Wiretapping Trump style: Of course there is no proof whatsoever, as Trumps folks try and deny what POTUS claimed. From the New York Post: “I don’t even know where the satire begins,” Rep. Mike Quigley (D-IL) told CNN’s Erin Burnett, in response to Trump’s unsubstantiated Twitter accusations that then-President Obama had wiretapped his phone lines in Trump Tower during the 2016 campaign… During his explanation Monday, Spicer claimed that Trump meant “surveillance and other activities” when he used the words “wire tapping.” “It’s so absurd, I suggest that the White House put their best person on this investigation themselves,” Quigley snarked. “At this point, it sounds like Inspector Clouseau.”

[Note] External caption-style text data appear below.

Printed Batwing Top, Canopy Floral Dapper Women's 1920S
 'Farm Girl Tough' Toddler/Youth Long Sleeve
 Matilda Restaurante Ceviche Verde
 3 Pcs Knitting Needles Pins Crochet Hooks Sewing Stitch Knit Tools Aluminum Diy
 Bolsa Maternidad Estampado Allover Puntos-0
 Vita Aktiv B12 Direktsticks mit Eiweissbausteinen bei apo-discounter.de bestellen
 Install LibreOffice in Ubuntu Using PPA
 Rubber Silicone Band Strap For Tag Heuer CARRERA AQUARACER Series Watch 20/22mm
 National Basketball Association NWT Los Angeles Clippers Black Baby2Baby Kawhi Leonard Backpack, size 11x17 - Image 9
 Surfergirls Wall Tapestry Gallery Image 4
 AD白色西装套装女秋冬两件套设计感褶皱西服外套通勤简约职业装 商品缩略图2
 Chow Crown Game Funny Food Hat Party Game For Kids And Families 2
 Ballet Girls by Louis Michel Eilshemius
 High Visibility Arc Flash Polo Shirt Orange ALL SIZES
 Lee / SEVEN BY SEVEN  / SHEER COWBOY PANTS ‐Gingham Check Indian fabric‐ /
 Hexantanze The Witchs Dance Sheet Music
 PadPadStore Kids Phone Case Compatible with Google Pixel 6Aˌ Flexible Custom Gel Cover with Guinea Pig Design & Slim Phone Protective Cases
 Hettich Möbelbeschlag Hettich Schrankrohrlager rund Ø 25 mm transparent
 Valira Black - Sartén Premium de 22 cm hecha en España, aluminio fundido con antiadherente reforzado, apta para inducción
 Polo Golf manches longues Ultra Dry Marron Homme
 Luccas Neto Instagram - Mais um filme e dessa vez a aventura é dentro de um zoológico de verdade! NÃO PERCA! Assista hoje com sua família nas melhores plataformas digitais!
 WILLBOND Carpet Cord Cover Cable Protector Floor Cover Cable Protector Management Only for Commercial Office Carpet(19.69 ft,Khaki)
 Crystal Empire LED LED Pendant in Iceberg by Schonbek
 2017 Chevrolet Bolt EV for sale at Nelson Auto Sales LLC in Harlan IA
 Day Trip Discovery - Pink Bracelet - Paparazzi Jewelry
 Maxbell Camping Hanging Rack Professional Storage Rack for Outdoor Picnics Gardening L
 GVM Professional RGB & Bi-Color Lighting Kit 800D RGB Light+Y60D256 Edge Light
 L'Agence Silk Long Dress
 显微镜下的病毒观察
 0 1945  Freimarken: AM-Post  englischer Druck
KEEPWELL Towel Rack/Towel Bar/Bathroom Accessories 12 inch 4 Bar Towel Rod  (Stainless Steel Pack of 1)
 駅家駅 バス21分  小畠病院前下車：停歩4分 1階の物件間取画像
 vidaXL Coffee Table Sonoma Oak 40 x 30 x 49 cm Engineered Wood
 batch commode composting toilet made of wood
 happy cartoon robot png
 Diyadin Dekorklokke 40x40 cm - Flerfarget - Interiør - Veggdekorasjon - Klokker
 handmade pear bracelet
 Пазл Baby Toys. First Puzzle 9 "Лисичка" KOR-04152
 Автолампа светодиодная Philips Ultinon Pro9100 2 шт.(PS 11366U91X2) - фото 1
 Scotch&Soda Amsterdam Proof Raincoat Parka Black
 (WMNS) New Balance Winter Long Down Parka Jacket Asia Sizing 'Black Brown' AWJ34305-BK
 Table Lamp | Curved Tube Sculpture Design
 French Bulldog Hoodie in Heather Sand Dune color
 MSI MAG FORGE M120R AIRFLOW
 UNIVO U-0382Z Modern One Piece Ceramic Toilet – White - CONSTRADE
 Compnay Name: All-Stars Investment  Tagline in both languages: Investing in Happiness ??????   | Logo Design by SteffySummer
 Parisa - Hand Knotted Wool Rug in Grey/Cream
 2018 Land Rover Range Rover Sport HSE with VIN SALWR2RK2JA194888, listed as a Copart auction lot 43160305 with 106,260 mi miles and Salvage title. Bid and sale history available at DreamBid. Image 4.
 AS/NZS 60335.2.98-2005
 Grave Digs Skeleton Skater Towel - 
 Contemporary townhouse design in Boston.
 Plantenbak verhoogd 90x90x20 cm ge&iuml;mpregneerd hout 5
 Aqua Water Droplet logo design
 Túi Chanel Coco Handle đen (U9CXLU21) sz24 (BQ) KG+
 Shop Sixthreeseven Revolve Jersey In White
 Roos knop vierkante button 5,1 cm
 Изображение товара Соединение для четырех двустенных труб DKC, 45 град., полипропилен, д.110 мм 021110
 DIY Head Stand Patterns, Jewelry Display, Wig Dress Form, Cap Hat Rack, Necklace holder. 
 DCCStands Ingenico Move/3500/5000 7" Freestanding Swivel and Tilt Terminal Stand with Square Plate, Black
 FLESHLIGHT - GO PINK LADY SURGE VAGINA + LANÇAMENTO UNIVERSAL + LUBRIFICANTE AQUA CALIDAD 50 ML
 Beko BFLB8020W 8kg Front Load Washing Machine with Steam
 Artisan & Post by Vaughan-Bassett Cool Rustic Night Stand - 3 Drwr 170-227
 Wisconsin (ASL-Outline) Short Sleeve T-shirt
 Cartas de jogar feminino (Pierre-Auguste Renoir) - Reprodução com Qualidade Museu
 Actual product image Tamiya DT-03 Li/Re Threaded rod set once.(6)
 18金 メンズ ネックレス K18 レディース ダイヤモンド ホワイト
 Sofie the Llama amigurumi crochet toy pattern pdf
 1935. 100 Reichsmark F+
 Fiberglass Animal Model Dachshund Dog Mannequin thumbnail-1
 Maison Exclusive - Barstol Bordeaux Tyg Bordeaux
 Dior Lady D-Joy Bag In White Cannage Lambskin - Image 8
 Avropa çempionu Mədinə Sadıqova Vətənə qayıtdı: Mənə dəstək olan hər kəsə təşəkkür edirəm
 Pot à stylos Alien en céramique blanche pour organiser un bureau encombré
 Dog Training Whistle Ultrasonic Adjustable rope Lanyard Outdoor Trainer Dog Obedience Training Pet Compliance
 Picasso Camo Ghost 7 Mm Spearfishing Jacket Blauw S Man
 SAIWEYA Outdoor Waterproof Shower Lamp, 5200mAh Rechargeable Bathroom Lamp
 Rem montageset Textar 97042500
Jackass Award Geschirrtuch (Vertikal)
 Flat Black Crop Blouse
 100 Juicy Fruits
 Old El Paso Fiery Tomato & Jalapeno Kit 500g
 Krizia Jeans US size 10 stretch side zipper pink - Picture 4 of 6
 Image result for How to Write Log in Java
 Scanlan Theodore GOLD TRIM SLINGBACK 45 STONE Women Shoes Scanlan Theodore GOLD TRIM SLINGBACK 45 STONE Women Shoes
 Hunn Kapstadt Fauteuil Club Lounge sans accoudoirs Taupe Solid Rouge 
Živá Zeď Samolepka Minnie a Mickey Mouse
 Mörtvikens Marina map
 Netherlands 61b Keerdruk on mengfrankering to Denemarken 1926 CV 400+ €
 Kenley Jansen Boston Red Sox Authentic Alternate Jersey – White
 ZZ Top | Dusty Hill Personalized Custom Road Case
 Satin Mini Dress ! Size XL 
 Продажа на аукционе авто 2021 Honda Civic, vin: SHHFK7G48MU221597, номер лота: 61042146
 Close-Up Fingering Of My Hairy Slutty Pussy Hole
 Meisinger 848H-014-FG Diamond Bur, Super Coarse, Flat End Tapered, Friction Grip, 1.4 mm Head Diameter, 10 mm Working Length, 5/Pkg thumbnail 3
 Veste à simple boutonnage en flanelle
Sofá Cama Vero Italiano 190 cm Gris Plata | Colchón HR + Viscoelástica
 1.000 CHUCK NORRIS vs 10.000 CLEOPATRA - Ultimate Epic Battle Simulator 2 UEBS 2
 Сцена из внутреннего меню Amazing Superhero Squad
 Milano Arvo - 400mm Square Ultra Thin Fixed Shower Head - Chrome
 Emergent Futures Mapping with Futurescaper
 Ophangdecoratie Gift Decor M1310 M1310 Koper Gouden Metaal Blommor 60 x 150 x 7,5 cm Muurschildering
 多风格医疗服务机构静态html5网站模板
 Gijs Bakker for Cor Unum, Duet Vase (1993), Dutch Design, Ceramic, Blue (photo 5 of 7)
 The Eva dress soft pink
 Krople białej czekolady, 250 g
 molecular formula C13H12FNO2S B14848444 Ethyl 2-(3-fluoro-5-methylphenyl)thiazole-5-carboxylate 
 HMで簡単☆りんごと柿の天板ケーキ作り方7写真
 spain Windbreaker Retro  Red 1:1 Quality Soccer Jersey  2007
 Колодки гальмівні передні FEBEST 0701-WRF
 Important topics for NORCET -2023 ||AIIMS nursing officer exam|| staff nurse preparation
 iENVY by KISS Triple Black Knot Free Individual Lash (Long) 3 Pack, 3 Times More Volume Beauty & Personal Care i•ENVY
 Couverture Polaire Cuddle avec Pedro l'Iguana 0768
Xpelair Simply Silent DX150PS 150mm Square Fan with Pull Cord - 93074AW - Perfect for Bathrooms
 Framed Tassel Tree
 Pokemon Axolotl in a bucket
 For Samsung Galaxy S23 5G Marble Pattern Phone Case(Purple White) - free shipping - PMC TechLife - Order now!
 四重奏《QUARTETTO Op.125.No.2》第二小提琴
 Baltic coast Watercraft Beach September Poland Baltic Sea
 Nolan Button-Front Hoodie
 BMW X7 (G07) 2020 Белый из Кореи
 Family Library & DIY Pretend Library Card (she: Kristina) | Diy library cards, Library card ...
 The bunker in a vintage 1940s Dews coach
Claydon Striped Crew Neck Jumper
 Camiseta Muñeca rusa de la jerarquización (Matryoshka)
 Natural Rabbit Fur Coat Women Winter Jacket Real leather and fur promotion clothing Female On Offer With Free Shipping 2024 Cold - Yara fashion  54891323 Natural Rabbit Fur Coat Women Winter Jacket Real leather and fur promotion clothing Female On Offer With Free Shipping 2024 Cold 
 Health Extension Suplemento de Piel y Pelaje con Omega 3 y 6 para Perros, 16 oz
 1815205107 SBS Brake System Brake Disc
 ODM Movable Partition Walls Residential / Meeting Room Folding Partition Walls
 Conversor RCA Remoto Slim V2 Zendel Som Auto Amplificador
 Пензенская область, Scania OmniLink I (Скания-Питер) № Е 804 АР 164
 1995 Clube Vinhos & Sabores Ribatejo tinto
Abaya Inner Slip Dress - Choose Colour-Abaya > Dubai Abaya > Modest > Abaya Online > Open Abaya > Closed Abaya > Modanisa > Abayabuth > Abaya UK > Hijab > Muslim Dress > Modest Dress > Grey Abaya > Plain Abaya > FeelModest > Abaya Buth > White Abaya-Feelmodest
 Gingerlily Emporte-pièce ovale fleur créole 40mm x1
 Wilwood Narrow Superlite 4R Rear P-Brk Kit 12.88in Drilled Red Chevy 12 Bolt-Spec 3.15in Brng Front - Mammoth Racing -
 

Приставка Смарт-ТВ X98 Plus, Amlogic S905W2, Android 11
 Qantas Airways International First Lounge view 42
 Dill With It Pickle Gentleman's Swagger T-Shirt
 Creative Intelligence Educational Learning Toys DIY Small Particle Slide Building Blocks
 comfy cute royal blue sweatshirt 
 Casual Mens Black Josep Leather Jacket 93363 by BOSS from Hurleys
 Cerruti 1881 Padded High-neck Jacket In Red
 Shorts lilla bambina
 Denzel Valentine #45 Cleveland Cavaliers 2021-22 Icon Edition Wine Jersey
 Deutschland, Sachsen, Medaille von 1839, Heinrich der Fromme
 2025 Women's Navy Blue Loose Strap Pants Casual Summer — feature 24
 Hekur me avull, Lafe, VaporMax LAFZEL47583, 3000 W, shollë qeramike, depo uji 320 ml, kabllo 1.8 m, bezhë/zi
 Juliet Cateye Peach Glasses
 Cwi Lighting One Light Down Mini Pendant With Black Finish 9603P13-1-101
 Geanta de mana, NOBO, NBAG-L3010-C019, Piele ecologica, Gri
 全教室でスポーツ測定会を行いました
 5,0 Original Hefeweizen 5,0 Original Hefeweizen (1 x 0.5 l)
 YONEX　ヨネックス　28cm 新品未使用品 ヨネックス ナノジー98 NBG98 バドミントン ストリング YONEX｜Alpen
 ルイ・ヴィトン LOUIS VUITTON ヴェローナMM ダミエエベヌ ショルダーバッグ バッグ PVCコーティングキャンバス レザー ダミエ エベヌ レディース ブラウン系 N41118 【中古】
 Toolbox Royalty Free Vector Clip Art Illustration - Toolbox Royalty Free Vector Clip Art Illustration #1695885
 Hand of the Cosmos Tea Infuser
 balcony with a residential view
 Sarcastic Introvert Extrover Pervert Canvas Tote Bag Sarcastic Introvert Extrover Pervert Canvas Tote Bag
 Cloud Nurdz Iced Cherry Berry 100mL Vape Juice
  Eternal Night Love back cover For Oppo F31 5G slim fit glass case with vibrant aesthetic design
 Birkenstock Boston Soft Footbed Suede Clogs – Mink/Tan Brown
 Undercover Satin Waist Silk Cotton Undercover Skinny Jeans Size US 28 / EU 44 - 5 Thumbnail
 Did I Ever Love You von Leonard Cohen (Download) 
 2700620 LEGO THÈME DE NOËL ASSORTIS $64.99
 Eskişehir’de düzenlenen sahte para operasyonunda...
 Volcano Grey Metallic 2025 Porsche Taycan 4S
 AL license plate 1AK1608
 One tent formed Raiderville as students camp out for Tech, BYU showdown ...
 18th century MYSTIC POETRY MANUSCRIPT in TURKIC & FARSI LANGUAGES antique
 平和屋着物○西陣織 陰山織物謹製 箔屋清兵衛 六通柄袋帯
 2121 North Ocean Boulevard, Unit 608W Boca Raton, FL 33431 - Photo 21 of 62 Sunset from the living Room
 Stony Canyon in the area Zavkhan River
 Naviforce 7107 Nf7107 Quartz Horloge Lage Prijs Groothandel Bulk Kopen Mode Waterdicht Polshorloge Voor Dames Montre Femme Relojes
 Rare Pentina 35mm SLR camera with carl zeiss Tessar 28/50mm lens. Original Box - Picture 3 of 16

Middle East Special Envoy: Howard Greenblatt is the man, visiting the Middle East to help negotiate peace between Israel and Palestine, and maybe I’m being anti-Semitic here but surely this is one job where a person of the Jewish persuasion might be considered, what’s the word, biased as fuck. Surely, a Scientologist would be more reasonable. Why is it the US keeps on sending Jewish people to negotiate with Palestinians?
Time Crystals: Physicists have announced the first synthesis of Time Crystals: “A violation in time-translation symmetry means that under certain conditions or select cases energy is not a conserved quantity and that laws of nature themselves are variable with time.”